La señora De la Vega llama retrógrados a quienes se oponen a la ampliación del aborto, y trata de justificar el cambio en la legislación como alternativa a ser «hipócritas y mirar para otro lado». La señora Vicepresidenta del Gobierno podría muy bien dirigir un máster en hipocresía y en la vuelta a las cavernas, que no otra cosa es la ley de la selva en la que el más fuerte mata al más débil e indefenso, como ocurre en los quirófanos de los centros de exterminio. En cualquier país democrático normal, una dirigente política que, al decir tal cosa, insulta a más de la mitad de los ciudadanos, hace ya tiempo que tendría que estar dedicándose a otra cosa, si es que sabe. No digamos la Aído, que defiende la constitucionalidad del aborto «como en toda Europa». ¡Notable argumento! Somos más burros y mejores burros porque somos más, ¿verdad, señora Aído?
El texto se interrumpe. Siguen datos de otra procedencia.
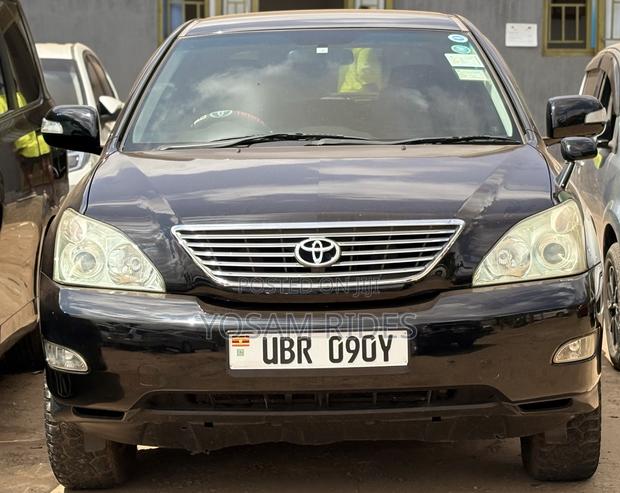 Toyota Harrier 2.4 2012 Black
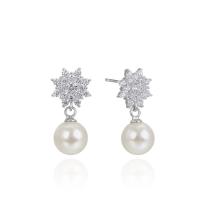 Silver Earring Zircon pavent Sterling, Argent sterling 925, avec Shell Pearl, flocon de neige, Placage de couleur argentée, avec earnut en plastique & pavé de micro zircon & pour femme Vendu par paire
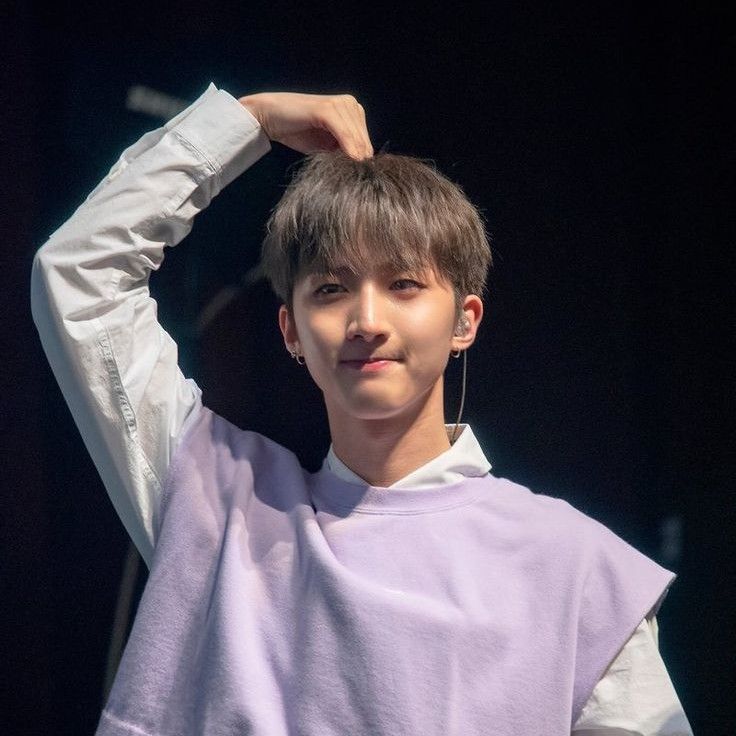 Behind-the-scenes cut of Hui (PENTAGON)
Desgraciadamente, hace mucho tiempo que, en España, la verdad está en minoría; pero que millones de personas compartan las mismas patologías mentales no convierte esas patologías ni en derechos, ni en verdades; siguen siendo patologías, mentiras, errores, asesinatos, les guste o les deje de gustar a los que confunden la verdad con el consenso.
El Fiscal General del Estado, señor Conde Pumpido, puede hacer de su capa un sayo y todos los juegos malabares jurídicos que se le ocurran, pero lo que ha dicho el Consejo Fiscal, desenmascarando la aberración que supone el aborto y lo inconstitucional que es, no hay Fiscal General alguno que lo cambie; y sólo existe un dictamen del Consejo Fiscal sobre el aborto, no dos, como ha pretendido colar de matute el señor Pumpido, y ese dictamen es demoledor: niega terminantemente que el aborto puede ser un derecho y denuncia la inconstitucionalidad del despreciable proyecto del Gobierno. No hay chapuzas jurídicas que valgan, y los políticos que andan buscando sotanas contra las que arremeter para que el personal se olvide del paro, de la subida de impuestos y de la subida del precio de la luz, mira por dónde se han encontrado con togas.
En las lecturas litúrgicas del pasado domingo, los fieles que fueron a misa pudieron escuchar este fragmento del Libro de la Sabiduría: «Dios creó al hombre para la inmortalidad, y lo hizo a imagen de su propio ser; pero la muerte entró en el mundo por la envidia del diablo, y los de su partido pasarán por ella». ¿Quiénes son aquí los del partido del diablo? Cada cual se las arregle con su conciencia. El Papa acaba de anunciar una encíclica cuyo título es ya lapidario: La caridad está en la verdad. ¿Se enteran los de dentro y los de fuera? Ahí está la verdadera caridad, la única caridad digna de tal nombre: en la verdad. Cueste lo que cueste y le pese a quien le pese.